▶ YOUR TASK: From the line with "Volkswagen Passat B" through the final line below, restate each line word for word and return nothing else.

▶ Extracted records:
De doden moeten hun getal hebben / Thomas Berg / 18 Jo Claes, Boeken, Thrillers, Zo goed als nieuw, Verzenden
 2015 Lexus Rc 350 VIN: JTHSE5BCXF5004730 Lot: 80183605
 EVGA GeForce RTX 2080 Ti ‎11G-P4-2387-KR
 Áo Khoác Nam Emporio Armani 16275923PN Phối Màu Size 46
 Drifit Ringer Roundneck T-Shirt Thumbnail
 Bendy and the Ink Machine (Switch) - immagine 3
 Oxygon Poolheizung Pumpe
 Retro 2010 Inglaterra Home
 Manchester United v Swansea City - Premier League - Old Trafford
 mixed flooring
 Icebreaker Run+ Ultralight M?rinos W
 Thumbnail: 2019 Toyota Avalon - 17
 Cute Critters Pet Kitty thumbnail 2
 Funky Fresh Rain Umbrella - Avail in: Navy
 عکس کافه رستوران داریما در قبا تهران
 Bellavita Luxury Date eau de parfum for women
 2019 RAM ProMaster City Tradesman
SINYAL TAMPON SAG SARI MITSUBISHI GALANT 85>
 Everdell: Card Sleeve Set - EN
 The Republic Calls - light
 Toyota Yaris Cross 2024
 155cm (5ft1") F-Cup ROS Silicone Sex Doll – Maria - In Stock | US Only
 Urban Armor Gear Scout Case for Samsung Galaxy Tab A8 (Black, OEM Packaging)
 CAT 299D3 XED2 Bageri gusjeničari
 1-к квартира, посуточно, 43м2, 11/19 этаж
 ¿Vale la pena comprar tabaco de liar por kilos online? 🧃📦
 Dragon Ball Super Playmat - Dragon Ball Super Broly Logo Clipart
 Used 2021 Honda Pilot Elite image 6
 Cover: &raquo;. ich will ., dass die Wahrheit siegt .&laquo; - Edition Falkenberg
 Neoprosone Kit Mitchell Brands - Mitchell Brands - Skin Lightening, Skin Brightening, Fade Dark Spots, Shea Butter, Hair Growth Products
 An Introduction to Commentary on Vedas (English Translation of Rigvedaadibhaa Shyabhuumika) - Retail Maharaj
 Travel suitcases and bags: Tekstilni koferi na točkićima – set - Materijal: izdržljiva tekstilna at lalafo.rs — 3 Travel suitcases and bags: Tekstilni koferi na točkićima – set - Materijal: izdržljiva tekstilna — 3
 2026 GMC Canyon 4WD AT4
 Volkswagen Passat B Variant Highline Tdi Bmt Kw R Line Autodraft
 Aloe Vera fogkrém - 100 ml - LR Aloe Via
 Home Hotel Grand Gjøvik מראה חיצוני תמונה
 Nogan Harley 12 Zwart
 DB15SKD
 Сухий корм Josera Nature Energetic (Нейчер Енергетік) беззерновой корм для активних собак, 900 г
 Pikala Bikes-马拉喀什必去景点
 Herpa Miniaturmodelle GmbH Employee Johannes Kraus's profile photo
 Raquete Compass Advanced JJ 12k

▶ EXPECTED ANSWER:
 Volkswagen Passat B Variant Highline Tdi Bmt Kw R Line Autodraft
 Aloe Vera fogkrém - 100 ml - LR Aloe Via
 Home Hotel Grand Gjøvik מראה חיצוני תמונה
 Nogan Harley 12 Zwart
 DB15SKD
 Сухий корм Josera Nature Energetic (Нейчер Енергетік) беззерновой корм для активних собак, 900 г
 Pikala Bikes-马拉喀什必去景点
 Herpa Miniaturmodelle GmbH Employee Johannes Kraus's profile photo
 Raquete Compass Advanced JJ 12k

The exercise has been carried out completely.